Hetty went about creating the most delicious salads (the kind you forget that there is no meat in them) and delivered them to locals on her bicycle. Cut to 2015 and Hetty and her family relocated to Brooklyn, New York City where she continued her business of delivering delicious food to a new set of lucky locals. There are a tonne of recipes on Hetty's website too if you want to check them out here.

So for this cake you don't need a whole load of exotic ingredients and this particular time I made it, I had no vanilla bean extract so that isn't pictured. But trust me, it was just as delicious. There is a lot of butter in this cake, but that and the Greek Yoghurt creates a moist and more-ish texture.

If you keep it in the fridge for a few days (if it isn't devoured immediately) it doesn't dry out but stays perfect. You can cut off a slice and let it come to room temp, or zap it in the microwave for 15 seconds too. I've also used unsalted butter instead of salted and the taste isn't altered too dramatically so don't sweat it if you don't have salted butter. Lastly, I LOVE citrus with a capital L so I tend to ramp up the amount of zest, like 2 or 3 oranges!


By Hetty McKinnon

Serves 6-8
250g salted butter, melted and cooled
2 eggs beaten
2 teaspoons vanilla extract
zest of 1 orange
3 tablespoons orange juice
250g (1 cup) Greek yoghurt
2 teaspoons orange blossom water
300g (2 cups) self-raising flour
330g (11/2 cups) raw granulated sugar
1 teaspoon ground cardamom (or seeds from 8-10 cardamom pods crushed)
2 tablespoons of chopped pistachios, to decorate
125g cream cheese, at room temperature
90g (3/4 cup) icing sugar
dash of vanilla extract
2 tablespoons of orange juice

Preheat the oven to 160 degrees. Grease and line a 22cm springform tin

with baking paper.

Begin by combining the wet ingredients. Whisk together the butter, eggs, vanilla extract, orange zest, orange juice, yoghurt and orange blossom water in a bowl.

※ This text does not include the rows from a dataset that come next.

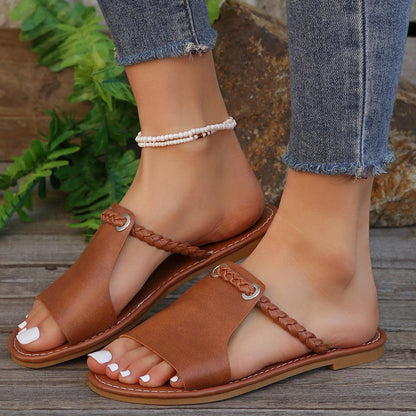 Retro Woven Sandals.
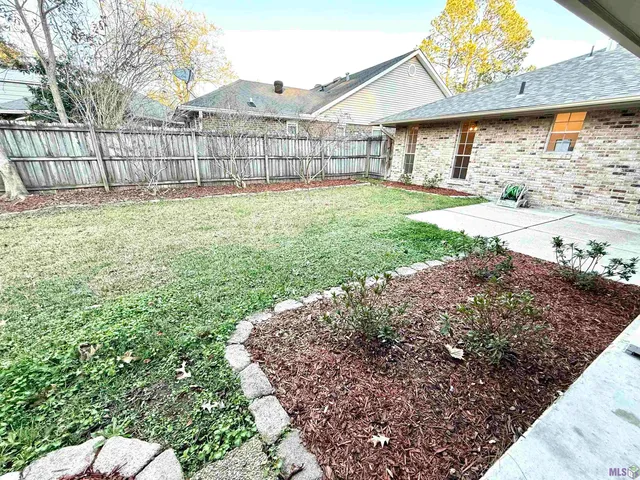 $2,000 | 1633 Brookhollow Drive, Baton Rouge, LA 70810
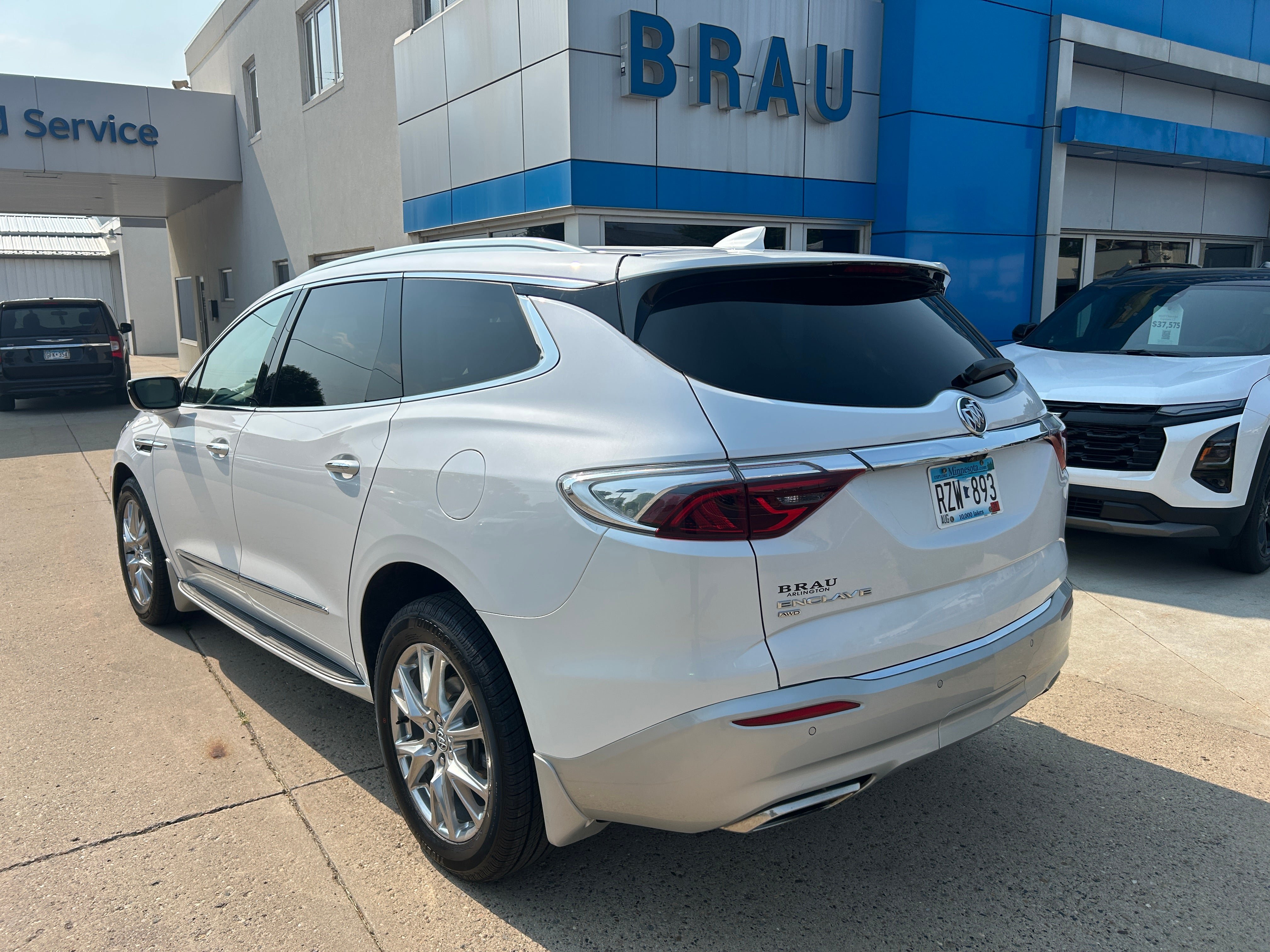 Used 2023 Buick Enclave Premium w/ Experience Buick Package AWD/4WD image 8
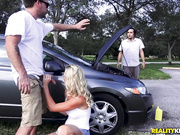 [MilfHunter] Sydney Hail - Oil Change (April 12th, 2018) 720p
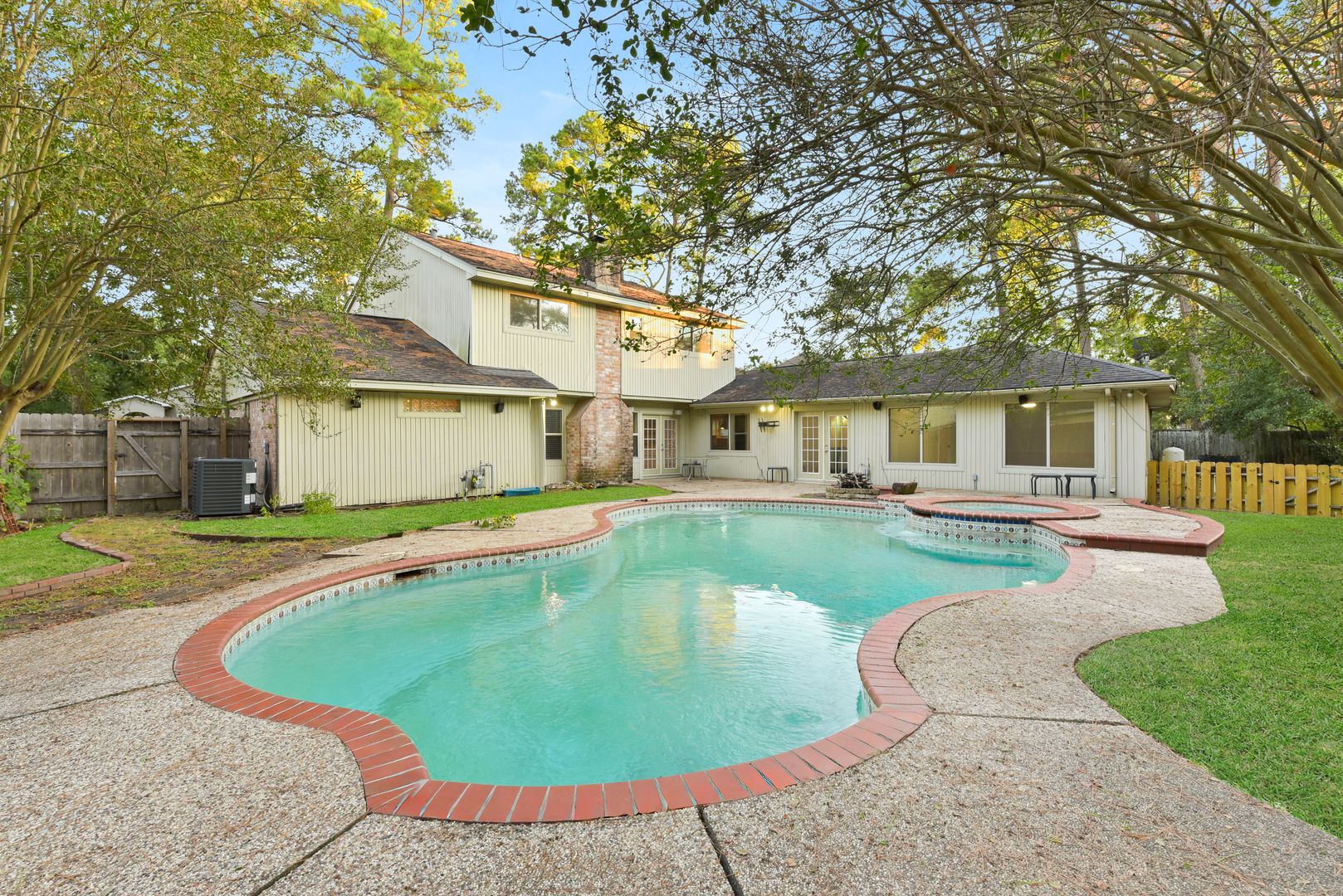 Houston House: 3838 Glenheather Dr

Combine the flour, sugar and cardamom and mix well.

Add the flour mixture to the wet ingredients and fold until just combined. Pour into the prepared tin and bake for 50-60 minutes, until a skewer comes out clean. leave to cool completely.

Prepare the icing by whisking together the cream cheese, icing sugar, vanilla extract and orange juice. Combine well until there are no lumps and the icing is smooth in texture.

Spread the icing over the cooled cake and top with the chopped pistachios. Serve immediately.